A control curve of I-V was collected before drug perfusion (T0). Then 100 umol/L bupivacaine and the mixture of 100 umol/L bupivacaine and 0.15 μg/ml epinephrine were added into the reservoirs respectively from superfusion systerm (DADVC-8PP,ALA SCIENTIFIC, USA). The DAD-VC systems go out with a Micromanifold consisting of 8 tubes of polyamide coated quartz glass of 100 um ID. The Micromanifold enables up to 8 solutions from the reservoirs to flow into a small common space of less than 1ul. The Micromanifold with a micromanipulator can easily be moved around the cell preparation and pointed at the target cell. The user must be careful to aim the output so that it completely bathes the cell under study. So during the study there is no motion of the output tip to be dealt with and there is no need to have all the solutions flowing out and contaminating the preparation solution during an experiment. After the cell surface perfusion with 100 μmol/L bupivacaine for 10 seconds. The peak current and I-V curve were recorded (T1). The microperfusion tube was then swithed by another reservoir prefilled with 100 μmol/L bupivacaine and 0.15 ug/ml epinephrine after the model was successfully made by 100 μmol/L bupivacaine.

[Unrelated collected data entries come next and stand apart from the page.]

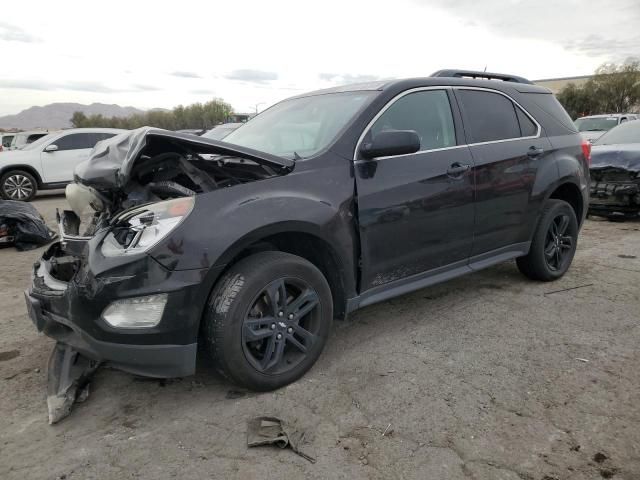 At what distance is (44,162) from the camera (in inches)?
471

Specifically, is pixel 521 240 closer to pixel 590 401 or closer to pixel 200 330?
pixel 590 401

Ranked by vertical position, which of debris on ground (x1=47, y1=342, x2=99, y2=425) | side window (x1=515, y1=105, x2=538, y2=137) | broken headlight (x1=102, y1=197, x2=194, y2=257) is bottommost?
debris on ground (x1=47, y1=342, x2=99, y2=425)

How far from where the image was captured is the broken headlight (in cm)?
246

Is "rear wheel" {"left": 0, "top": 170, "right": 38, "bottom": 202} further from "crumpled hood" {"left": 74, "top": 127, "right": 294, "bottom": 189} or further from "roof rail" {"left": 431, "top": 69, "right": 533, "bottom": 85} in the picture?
"roof rail" {"left": 431, "top": 69, "right": 533, "bottom": 85}

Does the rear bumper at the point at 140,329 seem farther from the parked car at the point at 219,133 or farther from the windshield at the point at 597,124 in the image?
the windshield at the point at 597,124

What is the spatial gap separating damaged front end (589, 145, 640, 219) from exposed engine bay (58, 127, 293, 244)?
6583 millimetres

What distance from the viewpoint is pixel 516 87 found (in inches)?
172

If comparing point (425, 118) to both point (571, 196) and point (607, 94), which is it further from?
point (607, 94)

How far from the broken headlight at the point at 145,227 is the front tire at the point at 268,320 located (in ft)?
1.29

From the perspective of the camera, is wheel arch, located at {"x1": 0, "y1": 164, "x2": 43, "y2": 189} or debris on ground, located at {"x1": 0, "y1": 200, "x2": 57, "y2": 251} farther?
wheel arch, located at {"x1": 0, "y1": 164, "x2": 43, "y2": 189}

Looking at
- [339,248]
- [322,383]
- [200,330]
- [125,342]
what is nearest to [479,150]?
[339,248]

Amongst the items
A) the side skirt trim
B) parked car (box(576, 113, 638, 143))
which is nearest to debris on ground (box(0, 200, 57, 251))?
the side skirt trim

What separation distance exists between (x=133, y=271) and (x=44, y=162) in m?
11.3

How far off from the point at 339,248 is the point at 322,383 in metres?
0.80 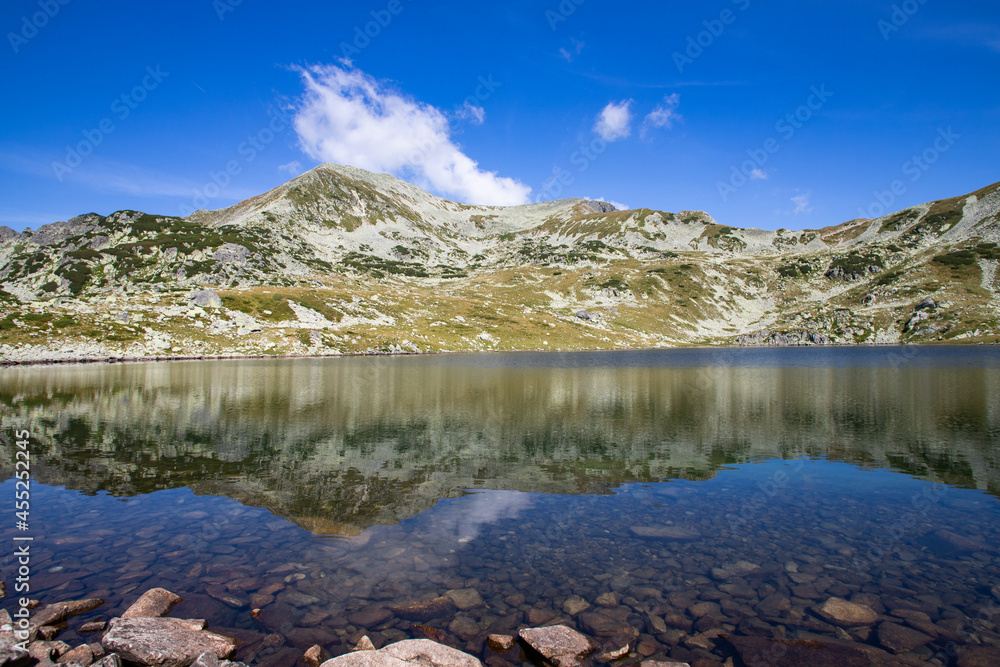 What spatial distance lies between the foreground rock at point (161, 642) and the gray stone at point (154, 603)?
1.06 m

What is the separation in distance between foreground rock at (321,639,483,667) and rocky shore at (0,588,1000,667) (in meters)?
0.02

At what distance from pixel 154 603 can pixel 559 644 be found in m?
9.46

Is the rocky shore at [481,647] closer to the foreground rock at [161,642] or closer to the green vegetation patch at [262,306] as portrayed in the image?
the foreground rock at [161,642]

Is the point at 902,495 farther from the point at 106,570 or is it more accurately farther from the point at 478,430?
the point at 106,570

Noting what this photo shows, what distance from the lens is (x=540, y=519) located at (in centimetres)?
1703

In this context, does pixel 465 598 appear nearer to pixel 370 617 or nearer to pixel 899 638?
pixel 370 617

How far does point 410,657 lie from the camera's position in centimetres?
875

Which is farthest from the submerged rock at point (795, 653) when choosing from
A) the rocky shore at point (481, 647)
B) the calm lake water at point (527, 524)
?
the calm lake water at point (527, 524)

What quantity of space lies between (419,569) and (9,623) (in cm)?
845

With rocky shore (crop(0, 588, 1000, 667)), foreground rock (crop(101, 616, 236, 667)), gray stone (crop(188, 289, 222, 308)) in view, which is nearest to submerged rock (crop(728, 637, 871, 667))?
rocky shore (crop(0, 588, 1000, 667))

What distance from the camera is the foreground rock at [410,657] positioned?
8.44 metres

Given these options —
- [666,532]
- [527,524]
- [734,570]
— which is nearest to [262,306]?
[527,524]

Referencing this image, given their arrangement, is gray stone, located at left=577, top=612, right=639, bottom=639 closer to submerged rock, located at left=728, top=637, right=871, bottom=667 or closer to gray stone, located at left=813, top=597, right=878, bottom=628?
submerged rock, located at left=728, top=637, right=871, bottom=667

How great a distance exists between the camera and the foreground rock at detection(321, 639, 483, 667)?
844cm
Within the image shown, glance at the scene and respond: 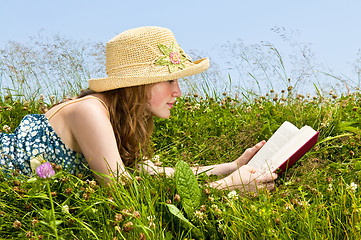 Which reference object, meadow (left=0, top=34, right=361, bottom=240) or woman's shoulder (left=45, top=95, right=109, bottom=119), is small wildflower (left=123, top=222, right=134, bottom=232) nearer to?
meadow (left=0, top=34, right=361, bottom=240)

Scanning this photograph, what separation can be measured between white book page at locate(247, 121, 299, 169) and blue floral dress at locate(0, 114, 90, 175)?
1.28m

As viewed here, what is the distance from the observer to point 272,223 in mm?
2486

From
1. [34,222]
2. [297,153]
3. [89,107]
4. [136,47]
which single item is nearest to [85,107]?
[89,107]

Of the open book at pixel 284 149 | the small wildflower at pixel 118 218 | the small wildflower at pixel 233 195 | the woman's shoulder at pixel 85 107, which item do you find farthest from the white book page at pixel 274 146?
the small wildflower at pixel 118 218

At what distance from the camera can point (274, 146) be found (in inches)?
139

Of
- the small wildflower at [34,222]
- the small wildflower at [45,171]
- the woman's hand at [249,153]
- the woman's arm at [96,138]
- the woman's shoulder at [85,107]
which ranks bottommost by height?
the woman's hand at [249,153]

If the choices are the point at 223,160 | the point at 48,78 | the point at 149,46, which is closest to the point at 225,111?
the point at 223,160

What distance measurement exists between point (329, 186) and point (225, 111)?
7.19ft

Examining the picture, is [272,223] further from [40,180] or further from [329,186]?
[40,180]

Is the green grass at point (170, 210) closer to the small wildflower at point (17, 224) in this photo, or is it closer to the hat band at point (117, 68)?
the small wildflower at point (17, 224)

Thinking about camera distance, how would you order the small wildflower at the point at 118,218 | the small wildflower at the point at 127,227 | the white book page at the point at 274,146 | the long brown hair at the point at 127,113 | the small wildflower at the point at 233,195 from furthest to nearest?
the white book page at the point at 274,146
the long brown hair at the point at 127,113
the small wildflower at the point at 233,195
the small wildflower at the point at 118,218
the small wildflower at the point at 127,227

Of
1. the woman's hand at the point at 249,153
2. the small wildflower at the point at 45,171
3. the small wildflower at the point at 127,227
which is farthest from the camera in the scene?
the woman's hand at the point at 249,153

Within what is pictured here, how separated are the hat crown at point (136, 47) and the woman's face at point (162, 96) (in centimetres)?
21

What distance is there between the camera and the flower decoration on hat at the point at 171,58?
337 centimetres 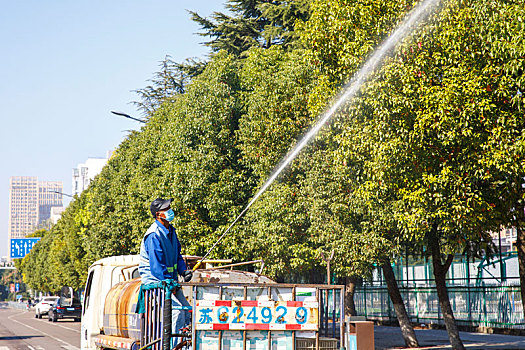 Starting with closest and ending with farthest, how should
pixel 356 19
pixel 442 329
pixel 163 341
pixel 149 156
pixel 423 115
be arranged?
1. pixel 163 341
2. pixel 423 115
3. pixel 356 19
4. pixel 442 329
5. pixel 149 156

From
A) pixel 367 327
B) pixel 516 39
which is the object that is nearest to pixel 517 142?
pixel 516 39

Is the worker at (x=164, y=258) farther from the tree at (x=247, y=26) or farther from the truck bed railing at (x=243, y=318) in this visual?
the tree at (x=247, y=26)

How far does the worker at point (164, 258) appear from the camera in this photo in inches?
320

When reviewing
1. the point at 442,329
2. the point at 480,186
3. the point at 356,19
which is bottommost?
the point at 442,329

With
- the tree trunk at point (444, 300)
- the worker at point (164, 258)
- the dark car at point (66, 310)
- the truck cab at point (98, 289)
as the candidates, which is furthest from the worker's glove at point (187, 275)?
the dark car at point (66, 310)

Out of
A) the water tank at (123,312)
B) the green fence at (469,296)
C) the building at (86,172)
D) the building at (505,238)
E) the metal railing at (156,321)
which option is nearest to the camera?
the metal railing at (156,321)

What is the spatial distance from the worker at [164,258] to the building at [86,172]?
108621 mm

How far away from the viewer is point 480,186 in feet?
47.8

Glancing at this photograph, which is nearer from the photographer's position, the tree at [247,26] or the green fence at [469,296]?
the green fence at [469,296]

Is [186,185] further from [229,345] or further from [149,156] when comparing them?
[229,345]

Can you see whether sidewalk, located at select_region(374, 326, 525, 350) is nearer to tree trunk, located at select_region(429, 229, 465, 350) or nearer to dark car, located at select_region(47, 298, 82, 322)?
tree trunk, located at select_region(429, 229, 465, 350)

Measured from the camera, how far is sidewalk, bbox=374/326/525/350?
20.3m

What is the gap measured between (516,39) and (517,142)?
1.82 meters

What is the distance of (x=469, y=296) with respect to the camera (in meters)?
26.9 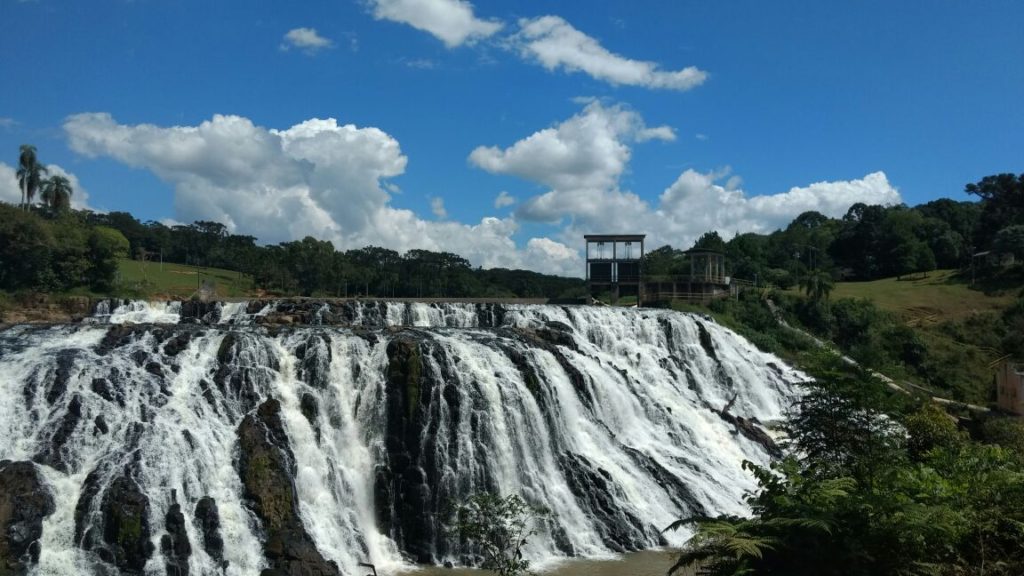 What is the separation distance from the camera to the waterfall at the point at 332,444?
18594mm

The peak current and I-V curve were then recorded at the time (T2) when the cells’ surface were perfusion with 100 μmol/L bupivacaine and 0.15 ug/ml epinephrine for 10 seconds.
To eliminate the error among cells, the size of the ion currents was represented by the current density, which was the ratio of current intensity and cell membrane capacitance (pA/pF). Data were stored in the hard disk for the measurement and analysis. Raw current data were analyzed and measured by pulse 8.0.